SAN DIEGO — Telestroke programs substantially improve access to life-saving stroke care, extending coverage to less populated areas in an effort to reduce disparities in stroke care access. A new study by researchers from the Perelman School of Medicine at the University of Pennsylvania, being presented at the American Academy of Neurology’s 65th Annual Meeting in San Diego March 16-23, 2013, found that telemedicine programs in Oregon pushed stroke coverage into previously uncovered, less populated areas and expanded coverage by approximately 40 percent.
"Telestroke programs can reach patients in smaller communities and provide time-critical treatment to previously unreached people," said senior study author Brendan Carr, MD, MA, Assistant Professor of Emergency Medicine, Surgery, & Epidemiology in the Perelman School of Medicine at the University of Pennsylvania. "Increasing telestroke networks gives everyone a better chance of surviving a stroke, the fourth leading cause of death in the United States."
Previous research by Dr.
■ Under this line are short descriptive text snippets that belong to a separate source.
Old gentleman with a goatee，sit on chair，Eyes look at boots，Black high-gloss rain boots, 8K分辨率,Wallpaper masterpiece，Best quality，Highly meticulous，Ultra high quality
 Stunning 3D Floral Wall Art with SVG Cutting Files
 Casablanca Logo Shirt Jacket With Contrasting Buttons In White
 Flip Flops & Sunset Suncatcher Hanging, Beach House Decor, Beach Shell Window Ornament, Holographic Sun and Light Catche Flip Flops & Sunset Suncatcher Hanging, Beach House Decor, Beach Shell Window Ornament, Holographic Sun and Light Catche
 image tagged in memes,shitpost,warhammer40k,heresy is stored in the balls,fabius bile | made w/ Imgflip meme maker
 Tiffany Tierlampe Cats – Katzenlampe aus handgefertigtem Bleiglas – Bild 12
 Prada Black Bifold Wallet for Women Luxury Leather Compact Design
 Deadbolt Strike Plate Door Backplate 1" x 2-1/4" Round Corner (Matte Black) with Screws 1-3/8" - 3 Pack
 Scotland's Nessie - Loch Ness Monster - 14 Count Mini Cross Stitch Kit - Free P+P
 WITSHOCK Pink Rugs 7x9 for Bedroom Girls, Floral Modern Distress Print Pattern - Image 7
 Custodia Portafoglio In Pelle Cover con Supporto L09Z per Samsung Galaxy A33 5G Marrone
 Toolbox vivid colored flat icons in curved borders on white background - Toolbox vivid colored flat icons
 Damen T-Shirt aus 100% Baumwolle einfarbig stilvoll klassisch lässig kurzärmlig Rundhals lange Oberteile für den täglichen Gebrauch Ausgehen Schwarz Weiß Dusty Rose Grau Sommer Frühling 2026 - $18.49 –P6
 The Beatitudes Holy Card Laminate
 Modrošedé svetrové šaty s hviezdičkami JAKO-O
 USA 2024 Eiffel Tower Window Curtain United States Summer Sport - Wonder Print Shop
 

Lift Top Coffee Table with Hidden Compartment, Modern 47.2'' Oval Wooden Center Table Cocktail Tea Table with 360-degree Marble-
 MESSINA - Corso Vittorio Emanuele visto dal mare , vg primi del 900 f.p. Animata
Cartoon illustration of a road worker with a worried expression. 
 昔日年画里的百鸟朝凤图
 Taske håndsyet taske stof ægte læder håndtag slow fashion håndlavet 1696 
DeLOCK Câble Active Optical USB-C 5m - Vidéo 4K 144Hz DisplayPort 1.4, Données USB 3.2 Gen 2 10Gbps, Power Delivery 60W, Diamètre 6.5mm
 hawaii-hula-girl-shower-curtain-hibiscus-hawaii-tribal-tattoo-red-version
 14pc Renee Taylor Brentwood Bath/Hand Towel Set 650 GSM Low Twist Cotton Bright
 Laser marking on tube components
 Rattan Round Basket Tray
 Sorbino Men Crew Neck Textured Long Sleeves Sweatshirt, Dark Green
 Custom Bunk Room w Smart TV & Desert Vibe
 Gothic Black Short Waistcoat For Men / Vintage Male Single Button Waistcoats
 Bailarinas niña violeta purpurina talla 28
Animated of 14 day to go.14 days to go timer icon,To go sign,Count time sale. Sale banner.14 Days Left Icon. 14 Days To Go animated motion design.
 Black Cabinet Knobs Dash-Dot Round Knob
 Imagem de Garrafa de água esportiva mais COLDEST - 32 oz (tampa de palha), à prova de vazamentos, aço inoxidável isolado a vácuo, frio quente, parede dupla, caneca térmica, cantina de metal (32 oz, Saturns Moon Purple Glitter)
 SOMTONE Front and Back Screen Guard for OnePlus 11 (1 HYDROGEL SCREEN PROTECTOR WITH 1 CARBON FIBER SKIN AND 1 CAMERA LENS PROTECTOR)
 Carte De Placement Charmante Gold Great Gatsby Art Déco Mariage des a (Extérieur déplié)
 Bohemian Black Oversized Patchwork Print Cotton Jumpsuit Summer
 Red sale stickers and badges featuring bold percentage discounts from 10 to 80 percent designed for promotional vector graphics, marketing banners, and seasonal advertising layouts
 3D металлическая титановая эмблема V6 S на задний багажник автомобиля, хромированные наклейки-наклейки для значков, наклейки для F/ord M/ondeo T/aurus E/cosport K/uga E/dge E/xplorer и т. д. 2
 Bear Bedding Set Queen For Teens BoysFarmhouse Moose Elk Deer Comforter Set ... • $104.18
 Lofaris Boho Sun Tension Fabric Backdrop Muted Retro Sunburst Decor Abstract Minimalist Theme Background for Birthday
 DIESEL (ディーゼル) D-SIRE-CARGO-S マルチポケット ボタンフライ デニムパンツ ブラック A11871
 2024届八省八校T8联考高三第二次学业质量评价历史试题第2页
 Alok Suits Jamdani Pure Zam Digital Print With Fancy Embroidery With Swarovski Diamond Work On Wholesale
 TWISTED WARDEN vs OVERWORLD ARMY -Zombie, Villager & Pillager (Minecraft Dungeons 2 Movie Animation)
Carr and colleagues found that only 54.5 percent of Oregon residents could reach a stroke center by ground within 60 minutes. The new study shows that, by employing telemedical systems in concert with in-person care, nearly 80 percent of residents had access to expert stroke care within one hour.
The study evaluated all hospitals in Oregon, finding that 43 percent of the population could reach a stroke center in person within 60 minutes, 76 percent had telemedical access, 40 percent had access to both, and 20 percent had no access to stroke care within an hour.
Researchers noted that in-person stroke care was clustered in urban areas, and while telestroke care was also available in urban centers, it also reached less populated areas with low rates of uninsured.
Penn Medicine extends stroke care to patients throughout the region through the Penn NeuroRescue program, using telemedicine systems to bring expert consultations 24/7 to hospitals in distant locales (e.g. the Jersey Shore) and transferring those who need surgery and/or specialized neurointensive critical care to the Hospital of the University of Pennsylvania (HUP), the Philadelphia region's first and only Joint Commission-certified Comprehensive Stroke Center.
The Penn Medicine Neuroscience Center’s team of neurovascular experts – from Neurology, Radiology, Neurosurgery, Vascular Surgery, Emergency Medicine and Nursing – provides quality, evidence-based care at the right level and right time, through remote diagnosis via telemedicine, onsite treatment provided at affiliated primary stroke centers, and with advanced neurosurgical or neuroradiological interventions and clinical research available at the Hospital of the University of Pennsylvania.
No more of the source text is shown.